* _EXERCISE DIRECTIONS_: Please reproduce, exactly and with nothing added, the line containing "MT RAINIER - Residential" and every line after it to the end of the records.

* _DATA FOR THIS EXERCISE_:
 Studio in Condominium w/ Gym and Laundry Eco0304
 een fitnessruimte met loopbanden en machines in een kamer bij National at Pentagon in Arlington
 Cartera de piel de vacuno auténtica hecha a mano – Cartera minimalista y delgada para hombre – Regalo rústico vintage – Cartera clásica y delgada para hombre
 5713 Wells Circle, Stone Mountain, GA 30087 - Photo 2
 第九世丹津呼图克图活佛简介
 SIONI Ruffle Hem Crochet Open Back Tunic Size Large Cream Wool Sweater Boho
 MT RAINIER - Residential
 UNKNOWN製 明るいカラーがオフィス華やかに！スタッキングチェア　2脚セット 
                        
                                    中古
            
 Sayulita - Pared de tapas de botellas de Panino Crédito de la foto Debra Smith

* _ANSWER TO THIS PROBLEM_:
 MT RAINIER - Residential
 UNKNOWN製 明るいカラーがオフィス華やかに！スタッキングチェア　2脚セット 
                        
                                    中古
            
 Sayulita - Pared de tapas de botellas de Panino Crédito de la foto Debra Smith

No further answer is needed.